Want to Retire Early? Consider These Costs Before Calling it Quits.

want to retire early? consider these costs before calling it quits.

Many people dream of the days when they won’t have to work. But an early exit from the workforce—whether chosen or not—can have huge ripple effects on your financial life and health insurance.

Surveys consistently find that many workers retire earlier than planned. A new study from Allspring Global Investments reported that 37% of respondents retired sooner than expected. The 2023 Employee Benefit Research Institute/Greenwald Research Retirement Confidence Survey found 46% retiring earlier than planned.

The biggest financial hit may be to your retirement savings. You could lose valuable years of contributions to Social Security—especially if you’re at your career peak earnings—and miss out on padding accounts like a 401(k) or IRA. Things can get worse if you have to dip into your nest egg ahead of schedule, diminishing compound interest and equity returns.

While some workers leave their jobs because they’ve met financial goals ahead of time, the majority depart due to layoffs or health concerns for themselves or a partner. Of the 46% who reported retiring early in the EBRI survey, 35% did so due to a health problem or disability and another 31% did so because of changes at their company.

“You have less time to save, and more time to live off it, so you’re getting hit on both sides,” says Nate Miles, head of retirement at Allspring Global Investments.

That’s all the more reason to save as much as you can, when you can. For 2024, the Internal Revenue Service allows savers age 50 and over to contribute an additional $7,500 to their 401(k) as “catch-up contributions,” for a total of $30,500. If you’re turning 50 at any time in 2024, you can start catching up now.

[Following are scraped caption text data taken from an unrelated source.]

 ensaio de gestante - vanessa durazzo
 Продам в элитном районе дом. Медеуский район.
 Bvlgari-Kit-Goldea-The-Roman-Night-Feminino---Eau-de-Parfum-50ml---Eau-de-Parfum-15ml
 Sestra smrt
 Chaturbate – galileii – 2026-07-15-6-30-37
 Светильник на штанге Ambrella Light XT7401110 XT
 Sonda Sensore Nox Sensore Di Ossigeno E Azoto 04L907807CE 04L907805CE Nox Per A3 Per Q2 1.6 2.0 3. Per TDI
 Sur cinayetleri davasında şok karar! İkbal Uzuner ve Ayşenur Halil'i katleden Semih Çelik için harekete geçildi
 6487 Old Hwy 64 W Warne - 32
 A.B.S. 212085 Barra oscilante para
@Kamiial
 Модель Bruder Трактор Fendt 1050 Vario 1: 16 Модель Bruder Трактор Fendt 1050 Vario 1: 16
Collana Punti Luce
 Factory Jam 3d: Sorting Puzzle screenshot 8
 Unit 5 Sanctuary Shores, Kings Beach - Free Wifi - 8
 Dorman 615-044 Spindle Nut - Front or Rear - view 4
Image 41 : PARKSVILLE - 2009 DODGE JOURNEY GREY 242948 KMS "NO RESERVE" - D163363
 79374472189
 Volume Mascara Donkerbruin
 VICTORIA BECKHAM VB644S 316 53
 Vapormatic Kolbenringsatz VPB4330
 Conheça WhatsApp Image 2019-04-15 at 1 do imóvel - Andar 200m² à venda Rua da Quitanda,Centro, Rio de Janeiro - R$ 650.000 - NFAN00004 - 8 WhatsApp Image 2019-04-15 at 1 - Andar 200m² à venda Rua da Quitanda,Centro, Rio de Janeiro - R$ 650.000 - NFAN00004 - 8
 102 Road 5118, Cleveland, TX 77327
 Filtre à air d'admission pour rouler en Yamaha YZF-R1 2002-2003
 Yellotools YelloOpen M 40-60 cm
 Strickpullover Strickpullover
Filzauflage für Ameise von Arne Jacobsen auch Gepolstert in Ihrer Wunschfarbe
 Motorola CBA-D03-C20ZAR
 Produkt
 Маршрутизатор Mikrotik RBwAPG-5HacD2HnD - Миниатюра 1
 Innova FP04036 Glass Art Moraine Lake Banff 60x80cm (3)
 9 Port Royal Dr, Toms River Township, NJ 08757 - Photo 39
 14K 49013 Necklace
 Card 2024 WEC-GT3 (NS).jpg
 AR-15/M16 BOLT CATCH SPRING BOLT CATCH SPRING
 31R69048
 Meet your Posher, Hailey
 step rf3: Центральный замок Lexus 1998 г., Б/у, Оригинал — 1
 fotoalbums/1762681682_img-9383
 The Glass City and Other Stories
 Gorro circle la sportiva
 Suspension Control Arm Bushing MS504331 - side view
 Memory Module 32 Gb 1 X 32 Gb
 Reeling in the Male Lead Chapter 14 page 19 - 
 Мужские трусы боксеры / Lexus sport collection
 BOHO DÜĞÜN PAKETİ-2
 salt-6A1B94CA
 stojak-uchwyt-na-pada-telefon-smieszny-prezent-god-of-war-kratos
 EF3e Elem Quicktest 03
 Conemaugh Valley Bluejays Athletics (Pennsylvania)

If you’re forced into early retirement and your health allows, taking on a part-time job can help bridge the gap until your planned retirement date. Even if it doesn’t cover all your expenses, part-time income could help you withdraw less from retirement accounts and delay claiming Social Security.

There’s a perennial debate over when to start taking Social Security; retiring early can complicate the math. People born in 1960 or later have a full retirement age of 67, meaning that’s when they’re entitled to 100% of their benefits. (For those born before, it’s slightly earlier.) Those who claim at 62 receive a benefit that’s permanently 30% less than it would be at full retirement age, while those who wait until 70 will receive 124% of the full benefit. It isn’t an all-or-nothing proposition, however: Every month you can delay claiming will put a little extra money in your check.

Health insurance is another big consideration if you retire before 65, the age when you’re eligible for Medicare. Laid-off workers are usually entitled to Cobra coverage for 18 to 36 months, but you typically have to pay the full cost of premiums plus a 2% administrative fee.

Thanks to Obamacare, insurance plans available through HealthCare.gov may be cheaper—especially since government subsidies have been expanded through the end of 2025. The downside: These plans usually come with high out-of-pocket costs. For marketplace plans this year, the out-of-pocket limit is $9,450 for an individual and $18,900 for a family.

Sue Shearer, a registered nurse in the Seattle area, originally planned to retire at 62 and stay on her husband’s health insurance until he retired at 67. He is two years older than she is, and when he decided to retire at 65, she changed course and kept her job.

“It made more sense to keep working, stash money away, and keep my own health insurance,” says Shearer, now 64 and happy she didn’t call it quits.